NEUCosmoS is an ERC Consolidator Grant at the IAP, Institut d’Astrophysique de Paris, led by Dr. Silvia Galli.
The goal of NEUCosmoS is to unravel some of the most severe inconsistencies that are currently threatening the so-far very successful standard model of cosmology (ΛCDM). The most critical one is the growing difference in the measurement of the expansion rate of the universe today, the Hubble constant from different observables. In particular, early-time probes such as the Cosmic Microwave Background prefer values of H0 which are lower than those from late-time ones, such as Supernovae Ia calibrated through Cepheids. Additional discrepancies are also present in the amplitude of matter perturbations, σ8, and in other fundamental parameters, such as the curvature of the universe. These anomalies, if confirmed, will have revolutionary implications for physics.
NEUCosmoS aims at providing new, ground-breaking insight into these issues through the development of a robust analysis pipeline to extract some of the most precise cosmological information from one of the forefront CMB experiments: the South Pole Telescope 3rd-Generation (SPT-3G). SPT-3G will measure the CMB small-scale polarization with unprecedented accuracy over the next 5 years, opening an entirely new window in CMB cosmology, with potentially original discoveries on its own. However, this statistical power will be useless without an analysis able to guarantee robustness against systematic effects, which the NEUCosmoS team is an expert on. NEUCosmoS will lead this effort within the SPT collaboration, opening a unique opportunity of European access to the SPT-3G data.

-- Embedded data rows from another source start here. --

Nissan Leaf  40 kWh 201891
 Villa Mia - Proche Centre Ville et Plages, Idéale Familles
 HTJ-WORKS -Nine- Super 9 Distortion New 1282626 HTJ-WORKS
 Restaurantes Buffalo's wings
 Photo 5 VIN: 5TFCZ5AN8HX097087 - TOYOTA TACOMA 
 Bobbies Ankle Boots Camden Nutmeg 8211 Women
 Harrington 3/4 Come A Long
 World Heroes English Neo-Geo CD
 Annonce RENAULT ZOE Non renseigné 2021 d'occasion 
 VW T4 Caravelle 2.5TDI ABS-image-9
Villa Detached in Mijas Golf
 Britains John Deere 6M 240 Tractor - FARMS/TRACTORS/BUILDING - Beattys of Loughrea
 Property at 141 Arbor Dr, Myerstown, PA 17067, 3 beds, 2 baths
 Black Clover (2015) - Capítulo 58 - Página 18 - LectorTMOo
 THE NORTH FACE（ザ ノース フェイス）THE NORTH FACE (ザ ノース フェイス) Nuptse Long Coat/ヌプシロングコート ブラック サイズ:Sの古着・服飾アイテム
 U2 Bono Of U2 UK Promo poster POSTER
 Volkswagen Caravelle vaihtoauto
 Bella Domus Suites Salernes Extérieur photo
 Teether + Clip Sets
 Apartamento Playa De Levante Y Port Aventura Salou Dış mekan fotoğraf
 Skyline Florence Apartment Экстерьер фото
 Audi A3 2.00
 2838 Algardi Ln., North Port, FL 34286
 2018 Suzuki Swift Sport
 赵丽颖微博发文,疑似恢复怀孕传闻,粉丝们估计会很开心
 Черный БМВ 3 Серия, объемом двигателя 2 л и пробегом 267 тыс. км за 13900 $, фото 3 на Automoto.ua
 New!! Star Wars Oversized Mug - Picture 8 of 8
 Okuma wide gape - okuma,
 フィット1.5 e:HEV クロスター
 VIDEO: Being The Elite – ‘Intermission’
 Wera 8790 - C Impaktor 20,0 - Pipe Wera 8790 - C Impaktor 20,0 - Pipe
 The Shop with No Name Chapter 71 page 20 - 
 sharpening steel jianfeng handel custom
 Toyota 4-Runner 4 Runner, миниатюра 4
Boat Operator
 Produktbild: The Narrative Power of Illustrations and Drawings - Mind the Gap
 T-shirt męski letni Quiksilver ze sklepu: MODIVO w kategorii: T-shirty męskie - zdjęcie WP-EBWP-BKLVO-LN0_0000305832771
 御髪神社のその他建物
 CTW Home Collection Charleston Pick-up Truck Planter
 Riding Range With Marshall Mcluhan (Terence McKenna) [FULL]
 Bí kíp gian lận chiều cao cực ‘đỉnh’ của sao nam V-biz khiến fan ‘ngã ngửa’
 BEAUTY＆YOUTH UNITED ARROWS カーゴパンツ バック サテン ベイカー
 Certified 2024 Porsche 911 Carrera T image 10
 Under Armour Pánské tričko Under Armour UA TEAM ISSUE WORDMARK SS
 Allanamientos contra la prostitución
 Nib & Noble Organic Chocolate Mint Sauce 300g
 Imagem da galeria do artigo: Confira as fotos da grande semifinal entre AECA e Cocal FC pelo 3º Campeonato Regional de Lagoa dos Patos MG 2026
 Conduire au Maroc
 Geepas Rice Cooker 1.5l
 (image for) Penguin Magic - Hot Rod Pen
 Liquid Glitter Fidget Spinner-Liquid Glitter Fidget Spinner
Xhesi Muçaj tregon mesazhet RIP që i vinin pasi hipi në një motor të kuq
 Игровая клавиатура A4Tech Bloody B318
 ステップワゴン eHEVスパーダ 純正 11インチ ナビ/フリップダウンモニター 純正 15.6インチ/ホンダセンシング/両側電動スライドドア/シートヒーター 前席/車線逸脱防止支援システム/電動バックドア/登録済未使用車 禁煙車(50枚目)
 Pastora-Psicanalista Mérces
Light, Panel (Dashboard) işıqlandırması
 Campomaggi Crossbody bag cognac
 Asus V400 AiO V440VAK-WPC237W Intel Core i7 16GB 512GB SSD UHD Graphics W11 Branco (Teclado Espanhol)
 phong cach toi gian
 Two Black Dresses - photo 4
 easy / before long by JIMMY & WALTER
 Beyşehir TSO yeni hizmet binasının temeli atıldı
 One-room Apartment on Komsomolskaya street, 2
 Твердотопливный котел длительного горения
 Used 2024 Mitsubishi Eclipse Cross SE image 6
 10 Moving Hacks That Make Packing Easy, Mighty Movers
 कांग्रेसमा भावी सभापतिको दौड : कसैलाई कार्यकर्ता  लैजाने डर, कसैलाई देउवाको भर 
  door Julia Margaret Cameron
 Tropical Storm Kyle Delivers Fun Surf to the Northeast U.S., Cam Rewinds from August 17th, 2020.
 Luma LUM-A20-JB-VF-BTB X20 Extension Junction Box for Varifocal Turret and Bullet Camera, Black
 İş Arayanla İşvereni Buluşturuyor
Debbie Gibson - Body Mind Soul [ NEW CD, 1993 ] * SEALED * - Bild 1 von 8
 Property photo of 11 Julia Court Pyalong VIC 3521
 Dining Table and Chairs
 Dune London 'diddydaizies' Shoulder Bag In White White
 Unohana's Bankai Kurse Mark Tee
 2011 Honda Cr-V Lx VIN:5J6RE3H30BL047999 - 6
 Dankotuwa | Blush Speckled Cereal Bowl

NEUCosmoS will provide a data-analysis pipeline which will be able to fully exploit the highly sensitive SPT-3G data, building upon the group’s Planck experience and tools, adapting them to the new challenge. The NEUCosmoS team will drive the interpretation of current and future hints of new physics in a reliable way, with statistical power comparable to the Planck satellite. In combination with Planck, SPT-3G data is expected to double the constraining capability. This will pave the way to a future contribution by Europe to the next-generation of CMB experiments.